Required action: Go through the listing below and write out exactly the lines from the one that mentions "this 368×280 image." through the one that mentions "this 1180×630 image.", minus the pictures.

Supplied data:
□ □ □
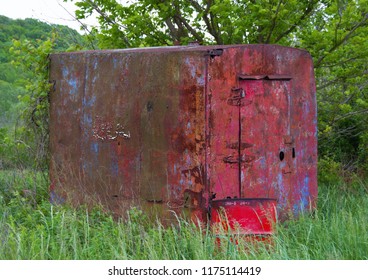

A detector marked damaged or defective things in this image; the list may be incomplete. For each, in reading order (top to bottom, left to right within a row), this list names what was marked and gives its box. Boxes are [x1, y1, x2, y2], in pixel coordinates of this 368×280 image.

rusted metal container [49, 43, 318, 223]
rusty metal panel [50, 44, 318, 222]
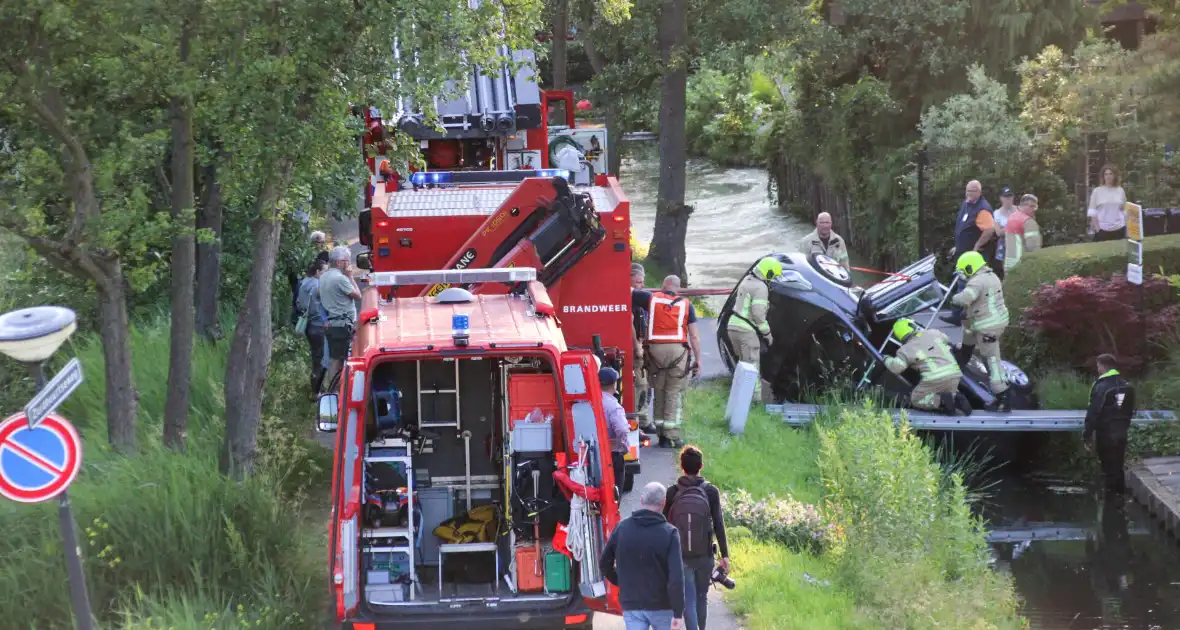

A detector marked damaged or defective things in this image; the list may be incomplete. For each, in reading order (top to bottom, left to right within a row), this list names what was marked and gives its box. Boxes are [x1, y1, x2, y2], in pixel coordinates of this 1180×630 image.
□ □ □
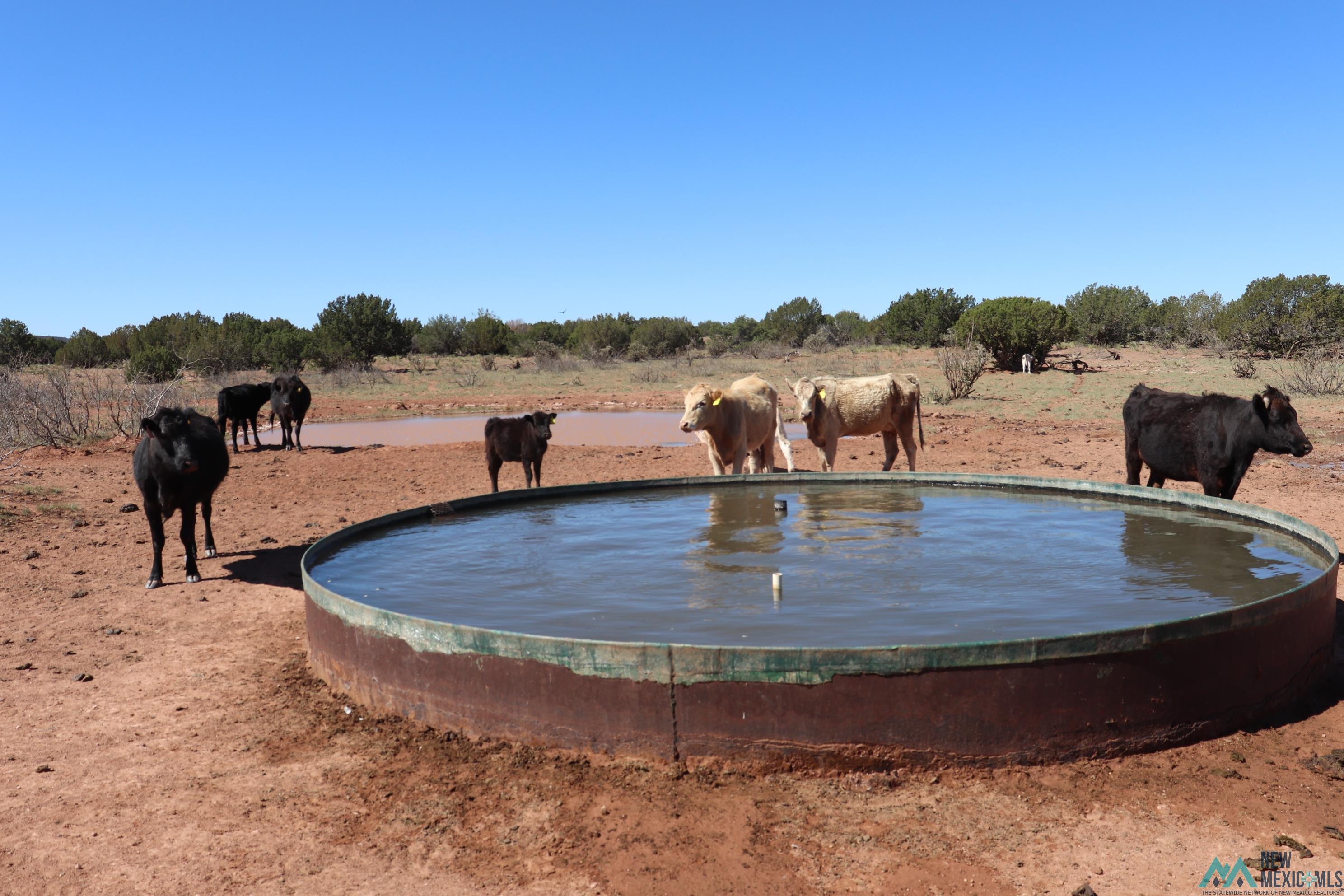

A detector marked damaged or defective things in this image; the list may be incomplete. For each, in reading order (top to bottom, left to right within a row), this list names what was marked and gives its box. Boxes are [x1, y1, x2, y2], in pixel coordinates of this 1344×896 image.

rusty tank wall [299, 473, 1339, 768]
□ □ □
Response to this exercise:
A detector marked damaged or defective things in this image; the list may be incomplete. For each, in reading order (top to bottom, left to right within a row), this list names what was marked and gives its box. Boxes are [x1, y1, x2, y2], in pixel coordinates of this 368×280 image.

rusted metal container [49, 43, 318, 223]
rusty metal panel [50, 44, 318, 222]

A detector marked damaged or defective things in this image; the list may be incomplete. For each, in reading order (top to bottom, left to right within a row), this list names what was marked and gives its box. Boxes are [x1, y1, x2, y2], in pixel coordinates of this 1180×630 image.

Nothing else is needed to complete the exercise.